Santé mentale des activistes: quand la lutte pour la justice épuise
Dans ce décryptage, on vous partage les difficultés les plus communes rencontrees par les personnes engagées afin que vous puissiez les reconnaitre et prendre soin de vous et de vos amis activistes, travailleurs sociaux, journalistes, médecins, infirmiers et toutes les personnes qui gèrent de la violence au quotidien.
Le traumatisme vicariant, c’est quoi ?
Souvent confondu avec le burn-out, le traumatisme vicariant est une forme de stress post-traumatique indirect.
À force d'être exposé à des récits de souffrance, on intériorise les douleurs des autres.
Ce phénomène touche de nombreux professionnels de l'aide, journalistes, et même des citoyens engagés. En prenant soin des autres ou en étant témoin de leurs souffrances, on peut finir par porter leur fardeau émotionnel.
Les conséquences sont multiples.
Fatigue émotionnelle
Troubles du sommeil
Hypervigilance
Hypersensibilité
Sentiment de détachement
Des séquences dévastatrices
“Bien que j’aie quitté Gaza, c’est comme si j’y étais encore. J’entends encore les cris des enfants brûlés.” -Davide Musardo, psychologue de Médecins Sans Frontières
En étant témoins de l’horreur, ils absorbent une partie de la douleur des victimes, mettant ainsi leur propre santé mentale en péril.
Selon la National Library of Medicine (2022), environ 30 à 40% des soignants travaillant dans des zones de guerre ou lors de situations de crise humanitaire présentent des symptômes de stress post-traumatique (SPT) ou d'anxiété liés à leur exposition constante à la souffrance des victimes. Selon Médecins Sans Frontières (MSF), 67% des soignants ayant travaillé en zone de guerre ou dans des contextes de violence prolongée déclarent avoir été confrontés à des troubles mentaux tels que des pensées intrusives ou des flashbacks des événements qu'ils ont vécus ou auxquels ils ont été exposés.
Un mal qui nous touche toutes et tous ?
Il faut s’aider soi-même avant d’aider les autres.
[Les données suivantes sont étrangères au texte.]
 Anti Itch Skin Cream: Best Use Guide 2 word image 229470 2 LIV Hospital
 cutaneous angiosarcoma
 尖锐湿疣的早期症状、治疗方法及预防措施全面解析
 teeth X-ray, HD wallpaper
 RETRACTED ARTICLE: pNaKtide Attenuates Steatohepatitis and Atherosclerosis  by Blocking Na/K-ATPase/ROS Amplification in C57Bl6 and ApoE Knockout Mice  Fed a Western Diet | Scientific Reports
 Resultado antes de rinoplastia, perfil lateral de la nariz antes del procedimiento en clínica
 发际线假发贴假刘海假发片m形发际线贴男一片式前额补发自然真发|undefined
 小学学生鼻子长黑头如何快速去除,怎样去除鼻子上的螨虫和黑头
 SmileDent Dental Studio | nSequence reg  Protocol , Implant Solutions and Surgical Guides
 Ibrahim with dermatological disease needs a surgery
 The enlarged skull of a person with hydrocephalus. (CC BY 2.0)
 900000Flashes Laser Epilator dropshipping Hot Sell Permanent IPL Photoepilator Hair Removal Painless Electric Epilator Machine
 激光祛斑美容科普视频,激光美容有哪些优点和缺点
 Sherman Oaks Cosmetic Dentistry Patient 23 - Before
L’effet miroir, c’est quoi sans même être sur le terrain, on peut être affecté par notre lutte. C'est ce que @mekdavinci a vécu après avoir passé plusieurs mois à poster des vidéos de sensibilisation et de promotion de cagnottes palestiniennes.
L'horreur du génocide mais surtout "l'indifférence des personnalités publiques et entités influentes" qu'elle a contacté et "la fracture entre le quotidien profondément injuste des gazaouis et celui des occidentaux" ont impacté sa santé mentale jusqu'au point de non-retour.
“J’ai été forcée à arrêter toute forme de militantisme parce que je n’y arrivais simplement plus. C’était physique. “ -@mekdavinci
Le trauma collectif, c’est quoi ?
Le trauma collectif survient après des événements violents, tels que des guerres, des catastrophes naturelles, des actes de terrorisme, ou des crises sociétales, qui touchent une population entière ou une grande partie de celle-ci.
Quelques exemples :
Les morts d'Adama Traore, Zyed et Bouna, George Floyd et Nahel Merzouk ont laissé des traces indélébiles dans la mémoire collective (particulièrement chez les communautés concernées).
"Ça aurait pu être moi ou mon petit frère” Inconsciemment, on s'identifie à l'événement traumatique de notre communauté.
La pandémie de la COVID-19 peut aussi être vue comme un trauma collectif. Le confinement, l'isolement et le sentiment d'impuissance nous ont tous impacté psychologiquement. Certaines personnes vivent encore aujourd'hui des syndromes post-traumatique ou de l'anxiété dû à ce choc.
Suite au trauma collectif, on peut observer …
Un sentiment d'insécurité généralisé
La peur de l'avenir, l'angoisse face à l'inconnu peuvent devenir omniprésentes.
Des difficultés à faire confiance aux institutions
Quand la confiance envers les autorités est fragilisée, le lien social se distend, laissant place à la méfiance et à l'isolement.
Pour nous même, pour nos causes
" Prendre soin de soi-même ne relève pas de l'indulgence, mais de la préservation. C’est un acte politique “ -Audre Lorde, poétesse et activiste
Cette citation vient d’un extrait de ses essais "A Burst of Light", en français "Un souffle de lumière" écrits alors qu'elle combattait un cancer agressif, Audre Lorde parle de ses combats et de ses réflexions sur la santé physique et mentale.
On peut être affecté.e par des traumatismes sans les vivre directement. Lutter pour la justice est nécessaire, mais se protéger l'est tout autant.